Collectivités et acteurs économiques : un soulagement prudent
Du côté des élus, l'Association des petites villes de France (APVF) y voit un "bol d'oxygène" : la suppression du jalon de –50 % à l'horizon 2031, combinée à une réserve nationale de 10 000 ha pour les grands projets, éviterait selon elle de gripper la production de logements.
Elle réclame toutefois un fonds pérenne pour financer la reconversion de friches. Les chambres consulaires et la Fédération française du bâtiment voient également dans TRACE la possibilité de relancer les permis de construire en chute libre ; la FBB estime que l'assouplissement "sécurise enfin la visibilité foncière" nécessaire à la reprise d'activité prévue pour 2025.
Promoteurs, industriels et chambres consulaires : l'occasion de relancer les projets
Les fédérations du bâtiment et les promoteurs immobiliers voient cet assouplissement comme une bouffée d'air pour un secteur en crise : simplification des normes, meilleure visibilité sur les réserves foncières et possibilité d'intégrer plus facilement les grands projets industriels ou de logement. Le secteur immobilier espère ainsi enrayer la chute des permis de construire.
Les défis de la mise en œuvre

Avant de viser le zéro artificialisation nette, encore faut-il savoir où l’on construit, avec quelles compétences et quels budgets. Données vieillissantes, financement du recyclage foncier, acceptation des habitants : trois angles morts qui peuvent faire dérailler la trajectoire ZAN si rien n’est anticipé.
Suivre la consommation foncière et mobiliser les compétences
Le premier obstacle reste la donnée : les bases cadastrales et clichés aériens accusent souvent deux ou trois ans de retard, ce qui rend le pilotage quasi aveugle. Mettre à jour ces cartographies au rythme d'un budget annuel supposerait un "guiche technique" capable d'accompagner surtout les petites communes, dépourvues d'experts SIG, d'écologues ou de juristes. Sans cette ingénierie mutualisée, la trajectoire restera théorique.
Financer le recyclage plutôt que l'étalement
Réhabiliter une friche industrielle ou dépolluer un ancien dépôt coûte jusqu'à cinq fois plus cher que d'ouvrir un champ à l'urbanisation. Le Fonds vert et le fonds friches, même dopés, ne couvrent qu'une fraction de la facture. Les élus demandent donc un financement pérenne et un système de péréquation pour que la "ville sur la ville" devienne la norme et pas l'exception.

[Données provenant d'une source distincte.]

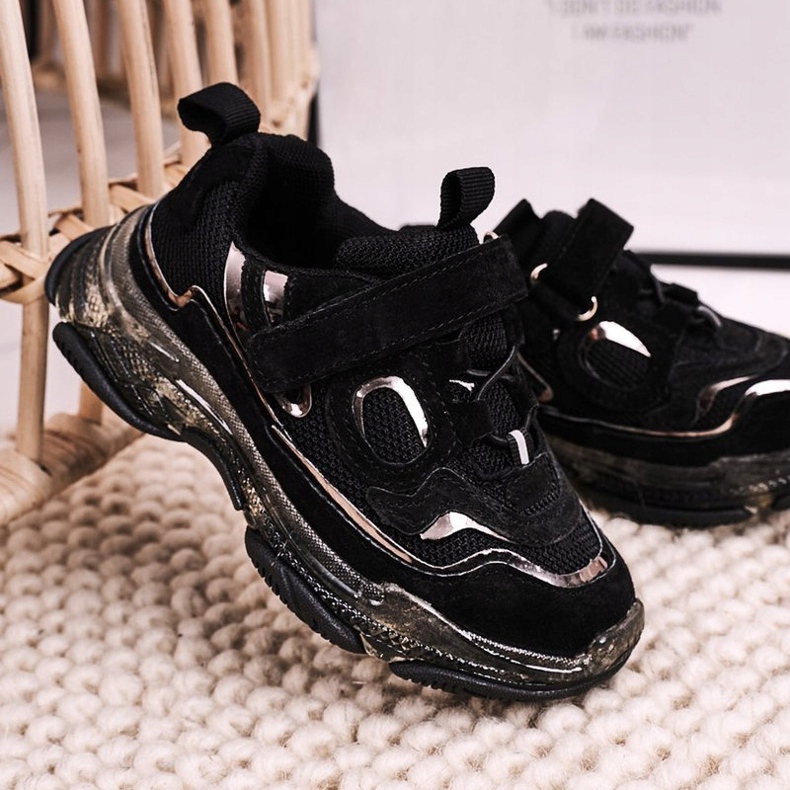 Apawwa Încălțăminte sport pentru copii Adidași cu talpă transparentă Negru Bailey 1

Densifier sans sacrifier la qualité de vie et coordonner les politiques publiques
Répondre à la pénurie de logements passera par des surélévations, des divisions de parcelles et des opérations de renouvellement urbain. Or les habitants redoutent un "béton vertical" qui rognerait jardins, vues et fraîcheur. La réussite dépendra autant d'une architecture soignée et d'espaces verts de proximité que d'un discours transparent sur les bénéfices collectifs.
Parallèlement, l'État devra trancher entre les méga-usines de batteries, les grands chantiers de la transition énergétique et les programmes de logement : trois politiques sectorielles qui se disputent souvent la même parcelle de terrain. Des incitations positives (bonus financiers pour les territoires vertueux, dotations majorées) pourraient compléter le volet sanction prévu en cas de dépassement des plafonds.